Walaupun sensasi gameplay action-nya bisa diterima dengan tangan terbuka, banyak gamer yang kecewa dengan konten yang terasa begitu pendek. Banyak lokasi-lokasi dan monster dari seri original berakhir dipotong dari seri Remake ini, tanpa memperlihatkan batang hidungnya sama sekali. Yang lebih buruk lagi? Nemesis yang seharusnya jadi ancaman konstan di sepanjang permainan, kini berujung muncul hanya di momen-momen tertentu saja.
-
Brigandine: The Legend of Runersia

Rasa nostalgia yang terlalu kuat? Ataukah kualitas game yang memang berada di bawah standar? Bagi gamer yang mencintai seri Brigandine di Playstation pertama, kehadiran The Legend of Runersia yang meluncur pertama kali untuk Switch terlebih dahulu kini tampil bak buah simalakama. Di satu sisi, menggembirakan karena nama game ini mengemuka di industri game modern kembali.

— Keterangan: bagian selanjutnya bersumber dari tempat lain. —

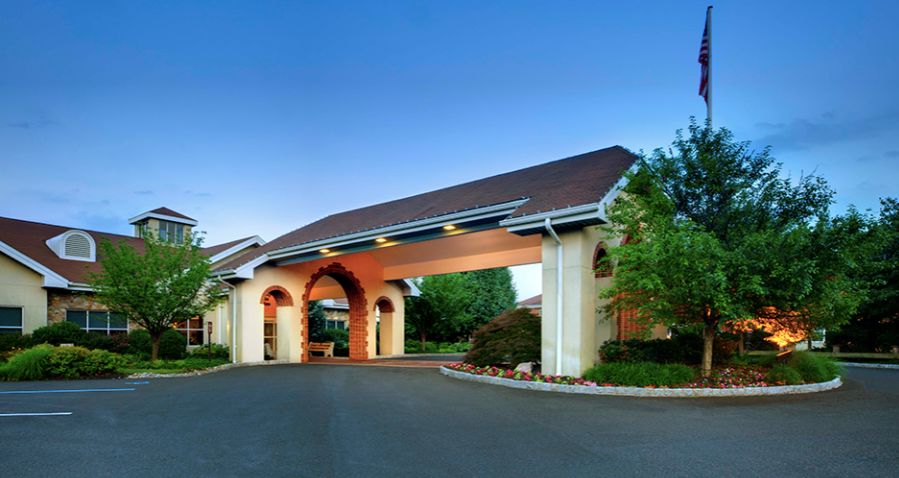 Oakbridge Terrace at Brittany Pointe Estates 1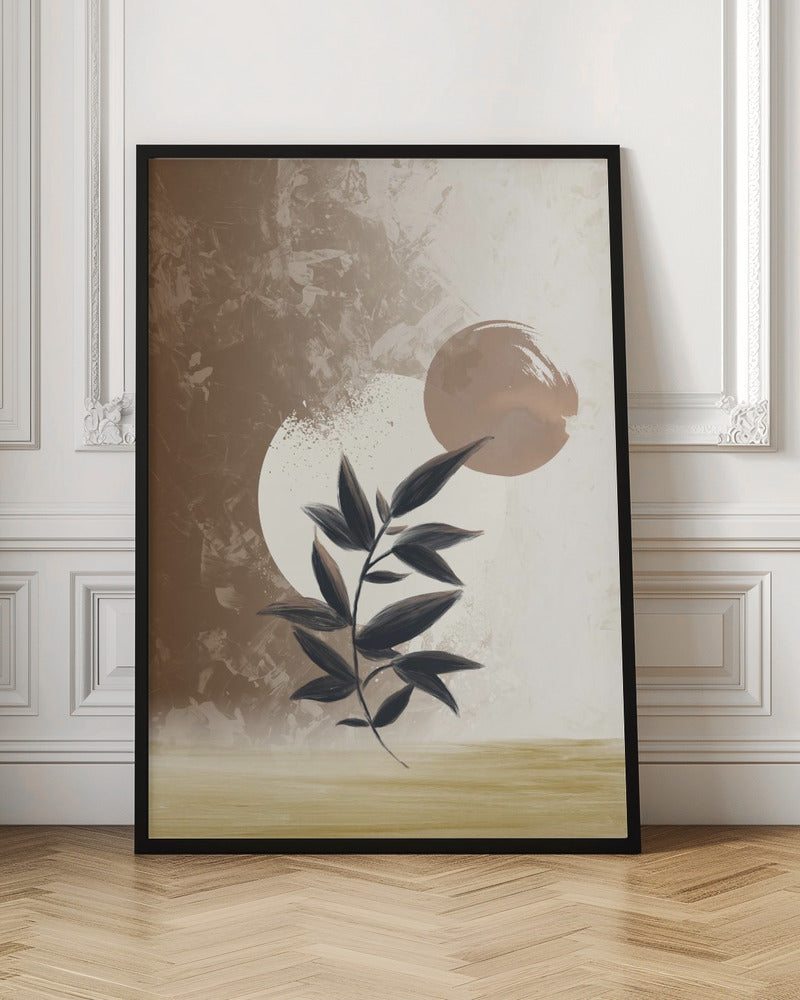 Akintola - Stretched Canvas, Poster or Fine Art Print I Heart Wall Art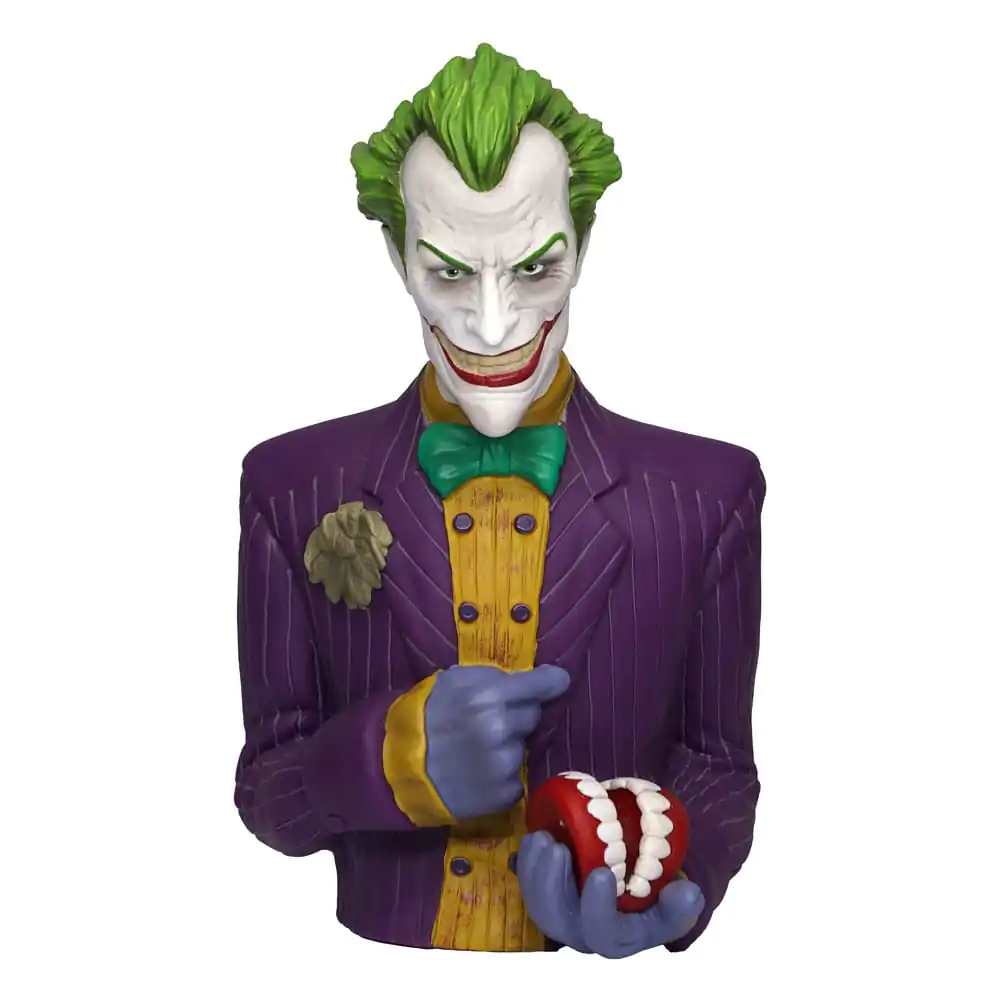 Batman Arkham Asylum PX Moneta Bank Joker zdjęcie produktu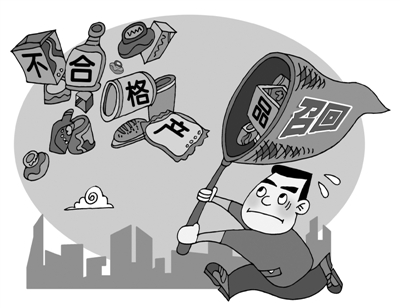 評論：食品召回管用嗎？
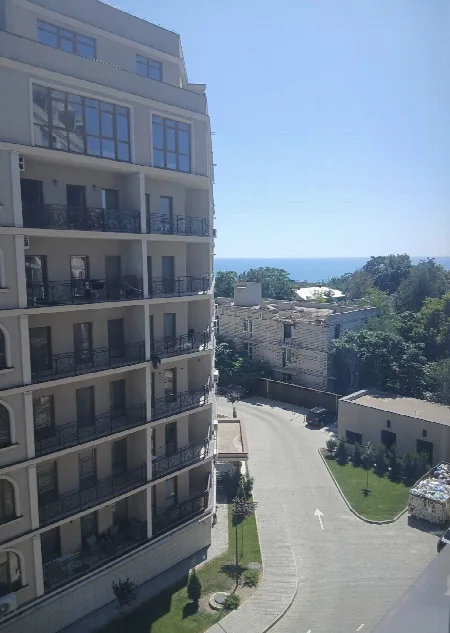 1-комнатная квартира, 29 м², Avinion, Дача Ковалевского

Di sisi lain? Super mengecewakan karena ia gagal menawarkan cita rasa modern yang sepantasnya kita antisipasi dari sebuah game strategi RPG seperti ini. Sisi cerita disajikan dalam bentuk artwork yang indah, namun gagal dibangun di atas racik cerita super mengalir yang seharusnya, apalagi saat Anda berhasil menguasai dan menghancurkan kerajaan lain. Framerate rendah di awal rilis versi Switch, unit tanpa presentasi visual penuh detail, dan minimnya fitur standar game strategi yang seharusnya membuat Runersia terasa seperti game tua dengan skin game baru.